Beginning inventory of 1,000 units at $30 cost.

Ending inventory of 800 units.

Sales of 1,100 units.

Three inventory purchases (listed from earliest purchase to latest purchase): 400 units at $27 each, 300 units at $25 each, and an unreadable number of units at $22 each. (Unfortunately, when the owner copied the original document, she left a yellow sticky note covering some of the inventory information.)

Current assets (less inventory) of $75,000.

Current liabilities of $65,000.

Using the information provided, determine which of the following statements is least accurate?
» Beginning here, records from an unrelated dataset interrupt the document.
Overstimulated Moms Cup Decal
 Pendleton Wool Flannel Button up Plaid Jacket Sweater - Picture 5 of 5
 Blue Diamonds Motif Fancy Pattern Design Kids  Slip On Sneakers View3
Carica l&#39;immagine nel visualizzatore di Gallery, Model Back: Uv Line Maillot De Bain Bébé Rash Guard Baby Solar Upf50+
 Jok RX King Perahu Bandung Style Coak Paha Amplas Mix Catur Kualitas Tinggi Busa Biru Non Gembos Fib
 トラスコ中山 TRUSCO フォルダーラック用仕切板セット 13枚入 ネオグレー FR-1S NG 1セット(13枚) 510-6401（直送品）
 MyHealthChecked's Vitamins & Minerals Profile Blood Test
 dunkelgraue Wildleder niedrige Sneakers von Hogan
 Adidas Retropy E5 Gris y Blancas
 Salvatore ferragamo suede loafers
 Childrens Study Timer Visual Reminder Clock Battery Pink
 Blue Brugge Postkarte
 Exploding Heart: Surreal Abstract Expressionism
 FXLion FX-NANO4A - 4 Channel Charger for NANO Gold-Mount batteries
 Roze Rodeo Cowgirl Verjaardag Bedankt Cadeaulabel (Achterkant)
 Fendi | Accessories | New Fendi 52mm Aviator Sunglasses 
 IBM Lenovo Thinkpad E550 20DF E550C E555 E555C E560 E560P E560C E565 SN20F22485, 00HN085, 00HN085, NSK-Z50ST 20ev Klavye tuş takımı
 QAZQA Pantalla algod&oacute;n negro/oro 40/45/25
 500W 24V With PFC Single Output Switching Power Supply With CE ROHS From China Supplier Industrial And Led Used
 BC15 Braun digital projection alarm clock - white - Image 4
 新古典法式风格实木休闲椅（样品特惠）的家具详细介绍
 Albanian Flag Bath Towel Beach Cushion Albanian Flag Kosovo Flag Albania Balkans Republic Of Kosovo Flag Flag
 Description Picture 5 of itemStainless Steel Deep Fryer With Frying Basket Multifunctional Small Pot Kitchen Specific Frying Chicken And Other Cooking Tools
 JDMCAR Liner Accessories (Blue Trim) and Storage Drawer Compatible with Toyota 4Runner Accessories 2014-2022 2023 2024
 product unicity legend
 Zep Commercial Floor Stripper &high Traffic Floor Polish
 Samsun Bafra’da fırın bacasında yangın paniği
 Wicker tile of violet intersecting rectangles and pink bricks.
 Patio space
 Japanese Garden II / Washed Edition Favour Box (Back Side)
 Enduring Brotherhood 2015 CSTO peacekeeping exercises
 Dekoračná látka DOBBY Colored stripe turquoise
All else equal, compared to LIFO, using FIFO would result in:

A)   a lower gross margin.

B)   a lower ending inventory balance.

C)   a current ratio of approximately 1.60.

D)   cost of goods sold of $32,700.

The correct answer was C)

To calculate the current ratio (which includes the ending inventory balance) using FIFO, we first need to determine how many units were purchased in the third illegible purchase order (calculations follow).

Ending inventory = beginning inventory + purchases – sales, so
purchases = sales + ending inventory – beginning inventory
= 1,100 + 800 – 1,000 = 900
Third purchase units = 900 – 400 – 300 = 200

  FIFO ending inventory = [(300 * 27) + (300 * 25) + (200 * 22)] = $20,000

  FIFO Current ratio (all else equal) = (75,000 + 20,000) / 65,000 = approximately 1.46

The other choices are correct. FIFO cost of goods sold = [(1,000 * 30) + (100 * 27)] = $32,700. Since prices are decreasing, FIFO cost of goods sold is higher (and gross margin is lower) than LIFO. And, FIFO ending inventory is lower than LIFO ending inventory. No LIFO calculations are necessary.